The fluid in some laticiferous plants called latex contains bioactive compounds with valuable antibacterial and antioxidant effects. Latex is a biological fluid secreted by a wide range of plants and is composed of several types of metabolites, such as polyisoprene and sugars. The protein compounds of latex (peptidases, lipases, chitinases, steroids and numerous secondary metabolites) are commonly found in various latex fluids. In addition to the industrial importance of plant latex as a rubber source, as from the para rubber tree (Hevea brasiliensis), latex is a component of plant defense against microbes58. The stored latex in specialized cells called laticifers is secreted in response to any plant physical damage or wounding58.

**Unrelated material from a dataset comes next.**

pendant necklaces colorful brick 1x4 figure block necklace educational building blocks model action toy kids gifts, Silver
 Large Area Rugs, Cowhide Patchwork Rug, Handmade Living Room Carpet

In contrast to most latex-bearing plants, which store small, limited amounts of latex, the fruit of the fig tree (Ficus carica) exudes a high amount of latex. From ancient times to the present, fig latex has been used in India for people who suffer cracks in the mouth or on the lips or tongue because it is an excellent tonic. This effect may be due to fig latex enzymes such as ficin, proteases, lipodiastase, and amylase59. Plant latex is frequently applied topically to a variety of wounds and plays a key role in wound care60,61,62. Many endogenous proteases are involved in the various stages of wound healing during the physiological healing process; similarly, latex proteases used to treat wounds will act on various stages of wound healing63. For instance, procoagulant and thrombin-like proteases function to restore hemostasis during the early stages of wound healing. In the later stages of wound healing for debridement, plasmin-like and other ECM-degrading proteases assist, and some mitogenic proteases aid in cell proliferation and angiogenesis. Plant latex collagenolytic and other ECM-degrading proteases could play a role in the remodeling of collagen and other extracellular matrix (ECM) components62.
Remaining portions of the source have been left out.